Multi-Platform
Performance Monitoring on the Cheap
Dale Southard
The monitoring system presented in this article grew out of a
simple need for a portable system with which I could remotely monitor
performance metrics on UNIX hosts. When I began looking for a solution,
I considered many of the available commercial products. The standard
xload is easy to understand, but only provides a single metric
(load average) and doesn't retain information across invocations.

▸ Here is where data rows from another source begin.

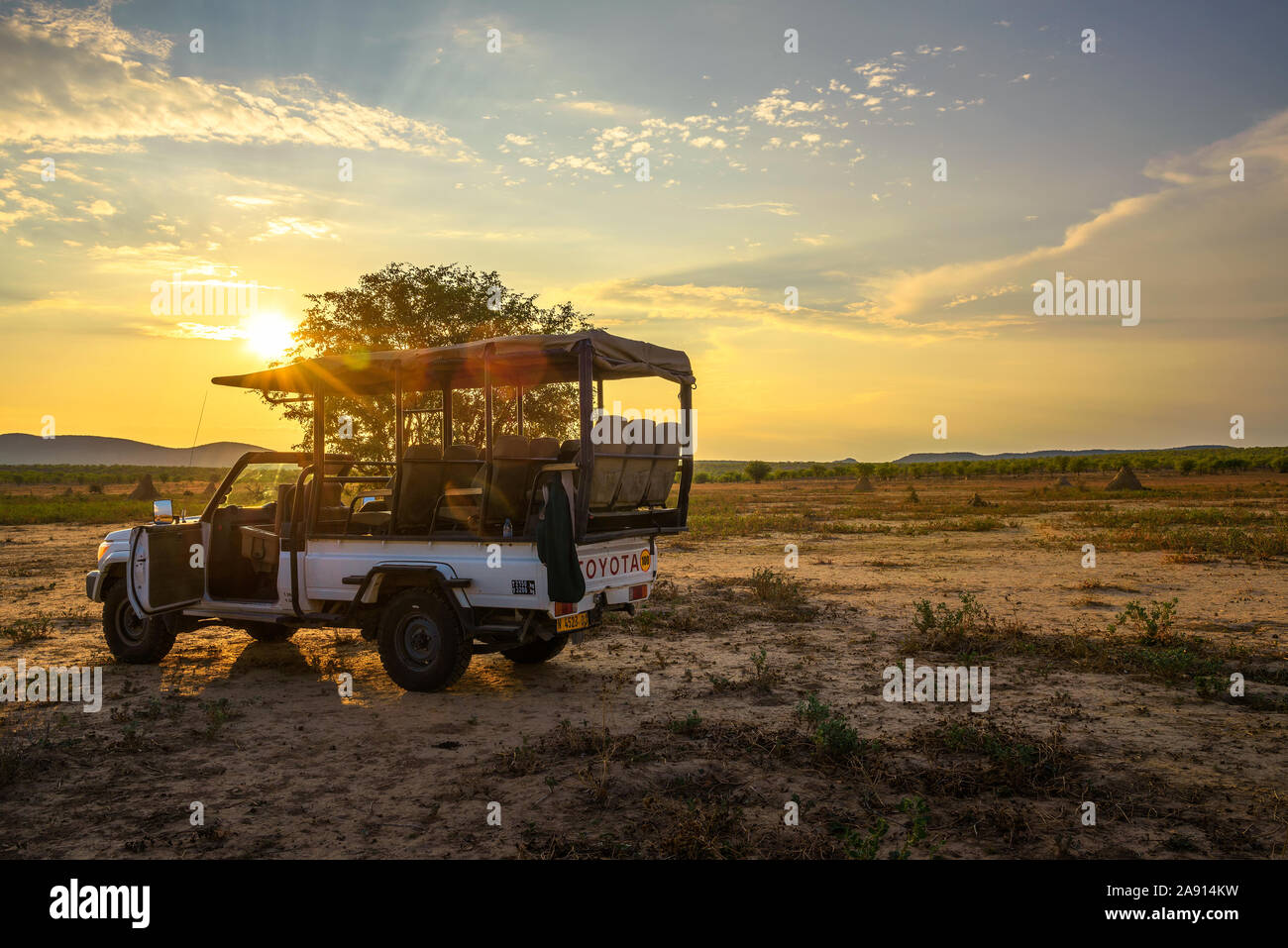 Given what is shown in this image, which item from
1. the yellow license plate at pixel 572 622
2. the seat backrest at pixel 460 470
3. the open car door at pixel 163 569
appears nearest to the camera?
the yellow license plate at pixel 572 622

The top command is better, but again provides only a snapshot,
not a history trail. Sun's perfmeter and rstatd
provide more metrics and the ability to save trails, but are only
available under a few architectures. SGI's Performance Co-Pilot
can monitor and save an incredible number of metrics, but at the
time was only available under IRIX (it has since been ported to
Linux as well). Finally, SNMP looked like a future contender, but
still suffered from a lack of affordable monitoring packages and
security issues on some platforms.
What I really wanted was the ability to collect and save a group
of performance metrics and then reduce them to a form that is easy
to understand. Ideally, the tools should be portable to a wide range
of UNIX flavors. Upon further consideration, I found my needs were
simple enough to be met with syslog and some common UNIX
utilities.
The original inspiration for the design came from one of syslogd's
built-in features, the mark timestamp. Most modern syslog
daemons provide a mark function that places a timestamp in the logfile
at regular intervals. This is often used to help fix the time of
catastrophic system events (such as sudden power loss) that would
otherwise provide no log evidence. What limits the usefulness of
the standard syslogd mark function is that it provides only
a mark indicating that the machine is powered on and running syslogd.

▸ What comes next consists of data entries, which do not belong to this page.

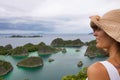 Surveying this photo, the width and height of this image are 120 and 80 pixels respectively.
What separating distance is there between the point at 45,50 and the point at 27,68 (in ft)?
95.8

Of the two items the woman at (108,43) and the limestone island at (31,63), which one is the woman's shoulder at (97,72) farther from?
the limestone island at (31,63)

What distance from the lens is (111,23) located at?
7.85 feet

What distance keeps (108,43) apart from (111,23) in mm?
217

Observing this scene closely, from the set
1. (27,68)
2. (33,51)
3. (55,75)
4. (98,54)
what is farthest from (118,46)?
(33,51)

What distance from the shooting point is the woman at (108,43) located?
222 centimetres

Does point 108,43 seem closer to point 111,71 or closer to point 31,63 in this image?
point 111,71

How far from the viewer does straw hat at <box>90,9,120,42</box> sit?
93.1 inches

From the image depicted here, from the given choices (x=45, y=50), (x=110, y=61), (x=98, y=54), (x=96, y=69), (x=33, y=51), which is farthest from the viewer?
(x=33, y=51)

In most cases, users and sys admins are interested in monitoring
more than the state of machine power and correct syslogd
function.
Collecting the Metrics
For this article, I assume that we have a network of six machines
at foo.com. One is the central "monhost" where we will
be doing the monitoring. The other five are the client hosts that
we will monitor. Each client host is running a different operating
system (Solaris, IRIX, IRIX64, Linux, and MacOS X). For this example,
we will monitor the following metrics on each client host:
- Load average of the machine
- Amount of free memory in MB
- Amount of free swap space in MB
The first step in the process was determining what metrics to
monitor and how to obtain them. Getting the load average is trivial.
Most variants of SVR4 UNIX (Solaris 2.x, IRIX, etc.) and BSD UNIX
(SunOS 4.x, BSD, MacOS X, etc.) include the "uptime" command
that includes the system load averages for the past 1, 5, and 15
minutes. Since I was interested in the five-minute load average,
a simple awk command is enough to select the appropriate field:
uptime | awk '{gsub(",",""); print $(NF-1)}'
Free memory and swap are more difficult since the commands used to
monitor them differ wildly between UNIX flavors. Because the "freemem"

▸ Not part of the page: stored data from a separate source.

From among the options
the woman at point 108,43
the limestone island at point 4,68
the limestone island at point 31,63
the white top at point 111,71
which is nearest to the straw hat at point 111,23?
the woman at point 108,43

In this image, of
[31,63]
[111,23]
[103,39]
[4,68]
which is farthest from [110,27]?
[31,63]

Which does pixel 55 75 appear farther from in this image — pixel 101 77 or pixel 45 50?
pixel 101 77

and free swap values are related and share the same units, I chose
to extract them to a single line of output -- first memory, then
swap, separated by white space.
Solaris and IRIX are standard SVR4 variants and provide the sar
command for monitoring a variety of performance metrics. For memory
and swap, the -r flag will narrow sar's output
to the metrics we are interested in. sar lists freemem in
pages and free swap in blocks. The default output is the freemem
and free swap metrics are pages and disk blocks. sar's
notion of a basic block is 512 bytes on all platforms presented
here, so dividing by 2048 will convert blocks to MB.
Conversion of freemem pages to MB is OS-dependent. For Solaris,
"pagesize" is 8192 bytes, so dividing by 128 gives MB.
IRIX comes in two "widths" -- the smaller desktop
machines use 32-bit kernels with a pagesize of 4096 bytes; the larger
servers use 64-bit kernels with a pagesize of 16384 bytes --
so we will need to divide by 254 or 64, respectively. We will again
use awk to filter for our desired metrics and perform the necessary
conversions.
Solaris free memory and free swap in MB:
sar -r 1 | awk '{m=int($2/128);s=int($3/2048)} END {print m,s}'
IRIX free memory and free swap in MB:
sar -r 1 | awk '{m=int($2/256);s=int($3/2048)} END {print m,s}'
IRIX64 free memory and free swap in MB:
sar -r 1 | awk '{m=int($2/64);s=int($3/2048)} END {print m,s}'
Linux and MacOS both lack sar, and obtaining the memory and
swap information is more difficult. In the case of Linux, the memory
information can be accessed through the /proc/meminfo pseudo-file.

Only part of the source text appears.